Gear ratios dictate how quickly your car wants to move up through its gears. Shorter ratios provide you with the weapon of greater acceleration, whereas longer ones keep you in a specific gear longer and give you greater top speed.
As such, it pays huge dividends to change your gear ratios based on the design of the track you’re racing. If the track has lots of tight corners then you’re going to be accelerating out of corners a lot, making shorter ratios a good option. Additionally, lots of corners means a lot of braking and that makes it unlikely that you’re ever going to come close to hitting your car’s maximum speed. For a track with long straights and little braking you want to prioritise high speeds and for that you want to assign higher ratios.
This basic rule changes depending on the exact makeup of your car and where you think your own driving skills are most in need of being boosted, so make sure to experiment in testing before locking in your final ratio decisions.

4. How to approach rallycross

The rallycross discipline is a very different challenge to that of Project CARS 2’s other race types, and it requires a different kind of tuning set-up to make the most of the car and your own ability behind the wheel.
You should bring the car’s centre of gravity down as much as possible by reducing the resting height of its suspension. The lower the centre of gravity, the more responsive it will be when turning into corners. In rallycross you want cornering to be as responsive as possible given how frequently turns come at you and how quickly you need to meander from one to the next – often sideways.
To achieve a low centre of gravity you need to go into the Suspension tuning menu and set the ride height to the shorter end of the scale. Set the rear tyres very slightly higher than the front to exaggerate the down force on the front tyres when turning into a corner. It’s the front that enters first and they set the velocity for the back end, so the front needs to be able to react instantly to your inputs on the wheel.

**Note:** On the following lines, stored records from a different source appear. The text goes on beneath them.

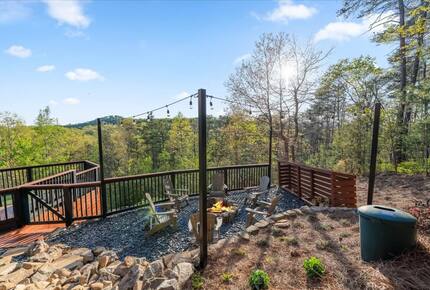 Scenic Ridge-Top Retreat with Designer Interiors & Endless Entertainment - Blue Ridge, Georgia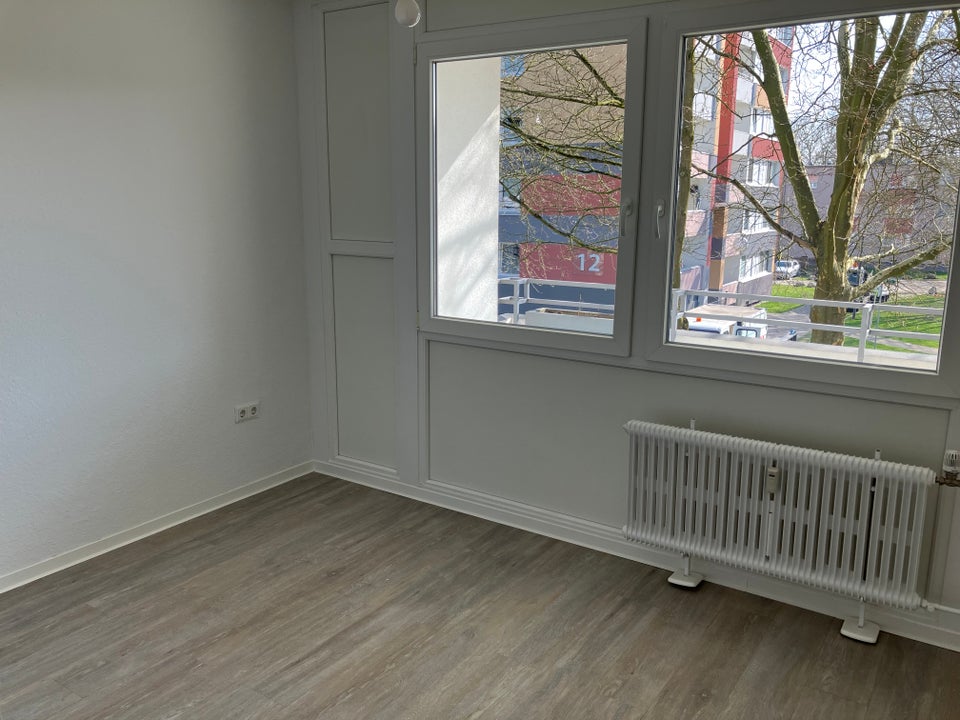 schöne 3-Zimmer-Wohnung mit Wand und Bodenbelag - Photo 1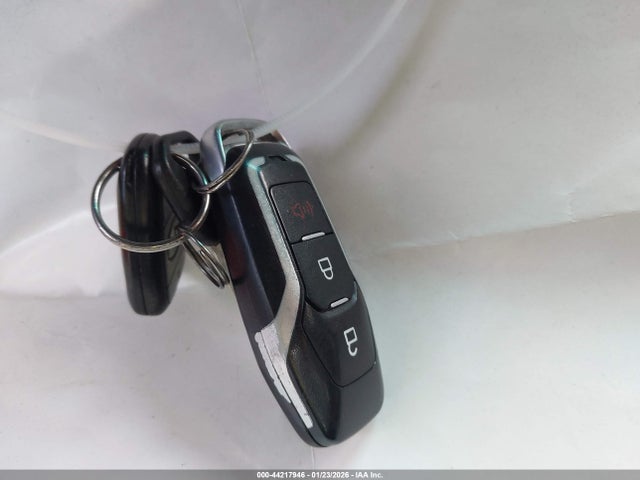1FM5K7DH7HGB28761 Ford EXPLORER XLT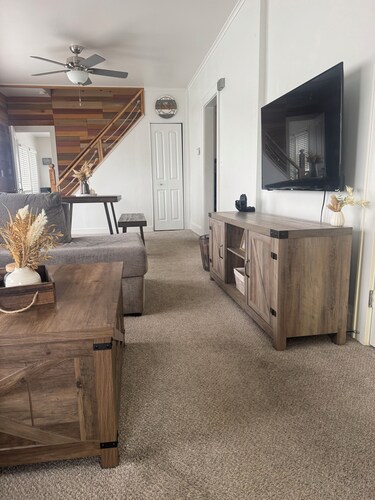 Cozy Retreat • Fireplace Loft •Walk to Park & Lake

The negative of a low ride height is the fact that the car's more liable to ‘bottom out’ and hit its underside on the track surface. To combat this go into the Dampers tuning menu and firm up the bump stop setting on front and back. A firmer bump stop reduces the maximum amount of compression of the suspension and lessens the risk of bottoming out. In real life this makes for a very uncomfortable ride, but that’s not a problem we have to think about.
Project CARS 2 is released on September 22 for PC, PS4 and Xbox One.